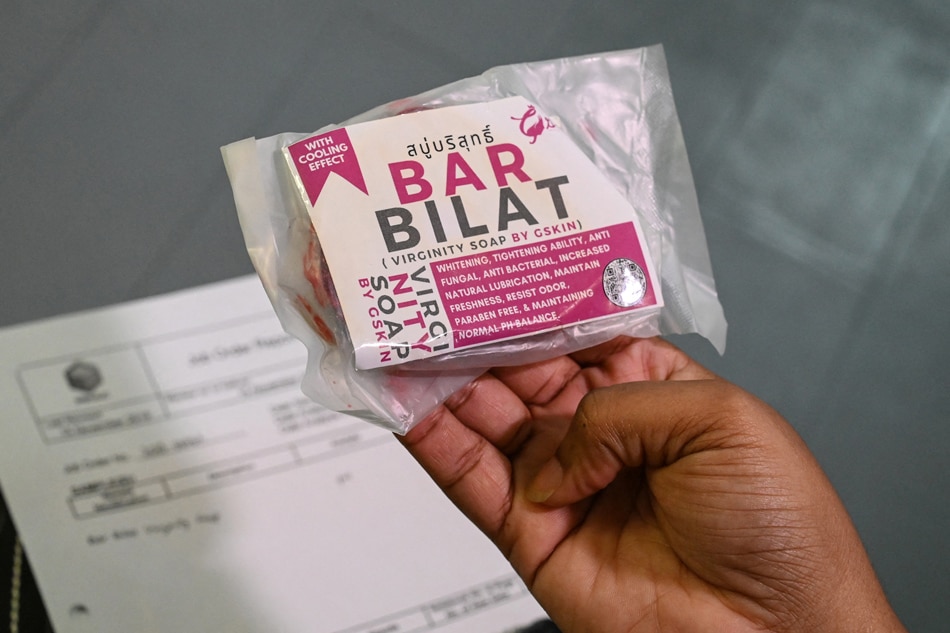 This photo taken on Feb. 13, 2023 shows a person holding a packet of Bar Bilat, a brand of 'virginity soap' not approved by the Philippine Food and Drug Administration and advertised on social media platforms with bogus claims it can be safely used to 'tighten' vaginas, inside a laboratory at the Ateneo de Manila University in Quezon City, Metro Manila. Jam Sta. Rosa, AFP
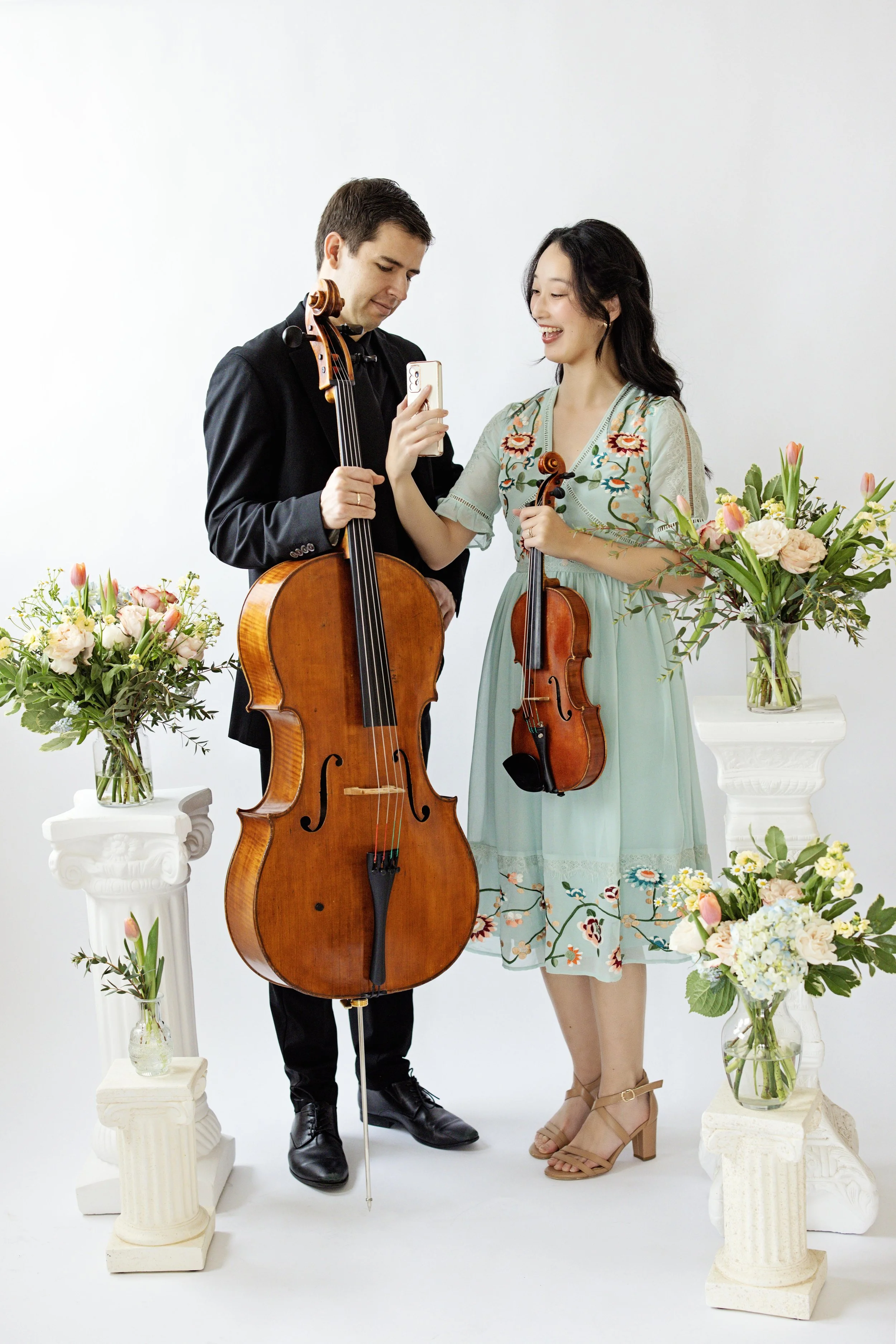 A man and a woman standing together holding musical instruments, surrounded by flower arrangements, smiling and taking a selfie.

---+---

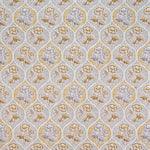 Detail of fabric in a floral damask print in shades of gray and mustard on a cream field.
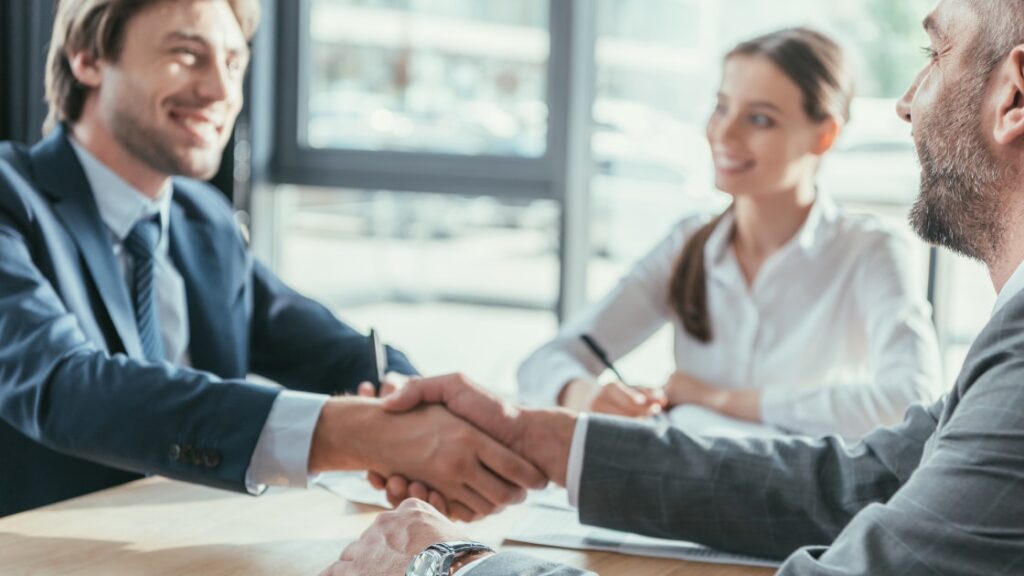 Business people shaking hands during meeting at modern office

---+---

EXERCISE AIM: Above, find the line with "Detail of fabric"; copy it and every line down to the line with "Business people shaking", exactly and both included, but no pictures.

ANSWER SPACE:
 Detail of fabric in a floral damask print in shades of gray and mustard on a cream field.
 Business people shaking hands during meeting at modern office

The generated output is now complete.